● **Task to complete**
Pictures do not belong in your copy. Repeat all the other data exactly.

● **Recorded information**

-=-=-

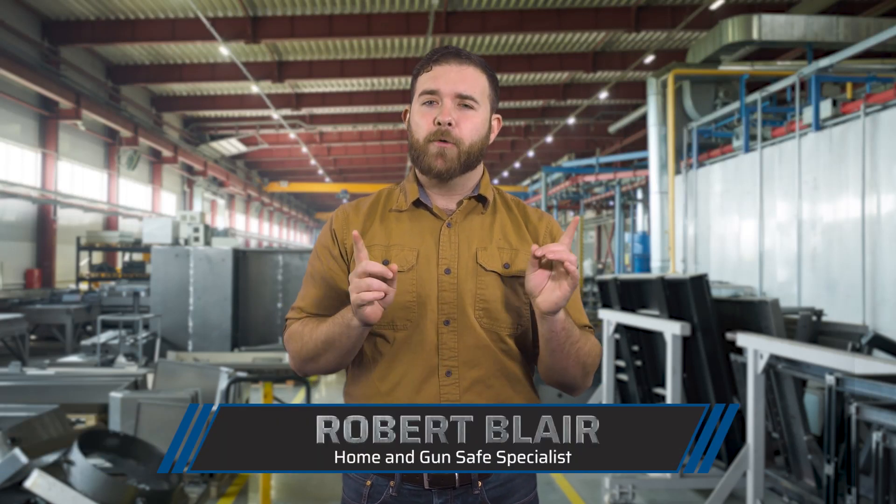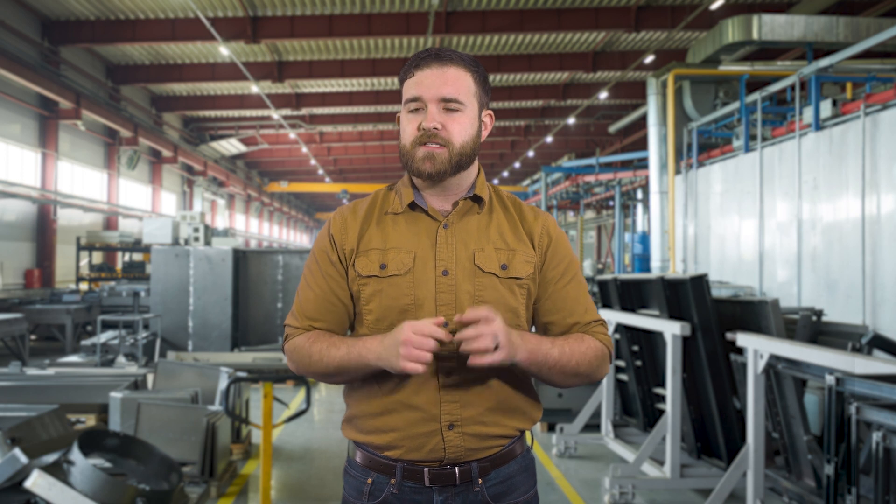Hey guys, Robert here with the Home and Gun Safe channel. Gun safes are built from steel, but what kind of steel is the best for making safes? Keep watching to find out.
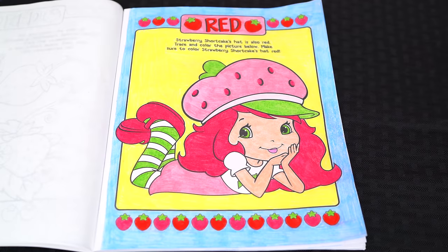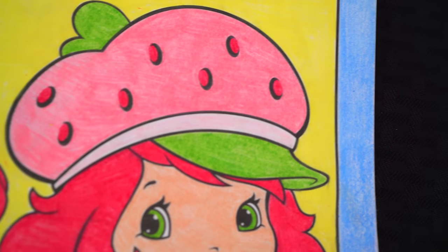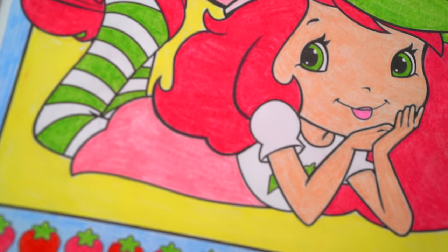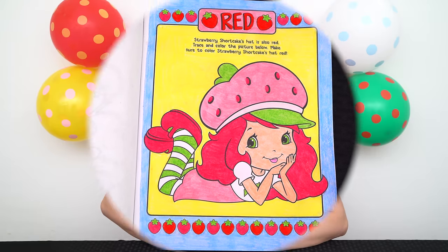Okay, I'm all finished. Wow, this picture turned out so cute. I love Strawberry Shortcake's adorable strawberry colors. She is super sweet. All right guys, thanks for watching. I'm Kimmy the Clown. Hope you had fun clowning around with me today. Doesn't Strawberry Shortcake look so adorable? Have a fun day and I'll see you tomorrow. Bye.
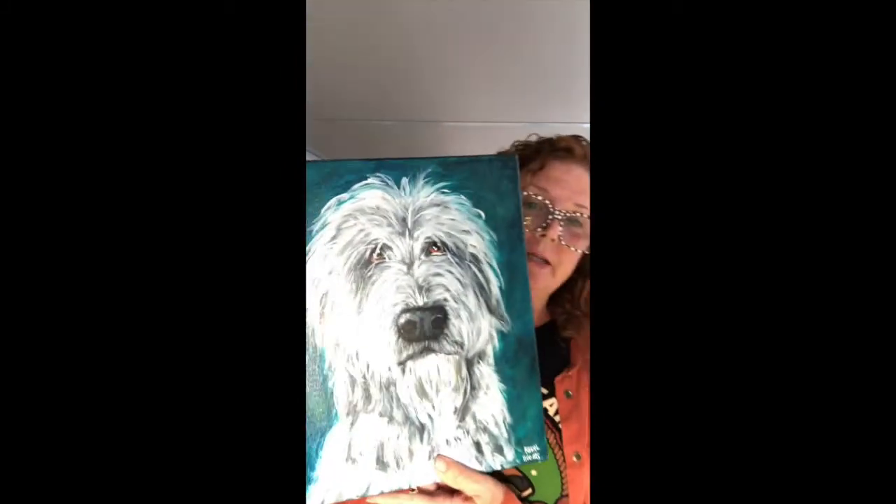Hey guys, I want to show you the DaVinci Eye app that I use to put Maisie's tracing on the canvas. It's that app for the iPhone I was telling you about, and here is the video that I've been promising that I would make for you.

-=-=-

● **Result of this task**
Hey guys, Robert here with the Home and Gun Safe channel. Gun safes are built from steel, but what kind of steel is the best for making safes? Keep watching to find out.
Okay, I'm all finished. Wow, this picture turned out so cute. I love Strawberry Shortcake's adorable strawberry colors. She is super sweet. All right guys, thanks for watching. I'm Kimmy the Clown. Hope you had fun clowning around with me today. Doesn't Strawberry Shortcake look so adorable? Have a fun day and I'll see you tomorrow. Bye.
Hey guys, I want to show you the DaVinci Eye app that I use to put Maisie's tracing on the canvas. It's that app for the iPhone I was telling you about, and here is the video that I've been promising that I would make for you.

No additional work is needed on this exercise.